Kennedy's proposition is powerful and masterful as a speech theme. It is direct. It is personal. It provokes and inspires the listener. And it mobilizes the mind. What can you do for your country? It galvanized the Peace Corps, Civil Rights movement. It helped win the race to the moon.

Ask Not got me thinking. Perhaps a similar proposition could be applied about health reform. It might go like this:

And so, my fellow American politicians, ask not what you can do for yourselves, ask what you can do for your fellow Americans.

These propositions logically follow.

Ask not what the health reform law can do for you, ask what it has done after its passage 10 months ago. One chamber of Congress has voted for repeal by a margin greater than passed it. More than half of the states have challenged the constitutionality of its individual mandate. The law remains unpopular by 55% to 40% among Americans. Health spending and premiums are soaring at a 10% clip. Claims that it will allow you to keep your health plan have proven false.

Ask not what the health reform law can do for you: ask what it does and does not do for your fellow citizens. What it does in the short term, between now and 2014, is provide poll-proven popular benefits for 12.4% of Americans – coverage for children with pre-existing illness, young adults under their parents’ plan; reduced prescription costs for seniors in the Donut Hole. What it does not do is provide cost relief for the other 87.6% of Americans; offer any tangible or believable cost controls; or provide any hope that Americans will be able to keep their current coverage.

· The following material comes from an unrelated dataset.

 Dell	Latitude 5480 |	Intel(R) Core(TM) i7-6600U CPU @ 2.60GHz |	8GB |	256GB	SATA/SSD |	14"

Ask not what the health reform can do for you: ask what it will do to the nation’s growing deficit. Ask who is more honest, those who fed the CBO figures leading to an estimate that the reform bill would save $230 billion between 2014 and 2020; or those who say the true costs will be $2.3 trillion between 2014 and 2024. Charles Krauthammer,MD, puts it this way: "Suppose someone - say, the president of United States - proposed the following: We are drowning in debt. More than $14 trillion right now. I've got a great idea for deficit reduction. It will yield a savings of $230 billion over the next 10 years: We increase spending by $540 billion while we increase taxes by $770 billion. He'd be laughed out of town."

Ask not what health reform can do for you and for Inside-The-Beltway experts: ask who should control health care decision-making – bureaucrats or doctors and patients. Britain has made its decision; its 42,000 general practitioners, not National Health Center bureaucrats, will decide how the money is disbursed. Where will be the U.S. government come down on clinical decision making? Will it be experts inside CMS and HHS, with their protocols, guidelines, checklists, algorithms , outcomes analyses, and exchanges who decide, or will it be patients and doctors at the point of care.

Ask not what government health reform can do for you: ask what enterprising and innovative markets can do for your fellow citizens. Do you believe that top-down government has more wisdom than people on the ground: physicians, entrepreneurs, patients and people themselves? Do you believe government has the capacity for disruptive innovations that will lengthen lives, restore health and life style, and bring medical breakthroughs to bear? You may be right. but history is not on your side.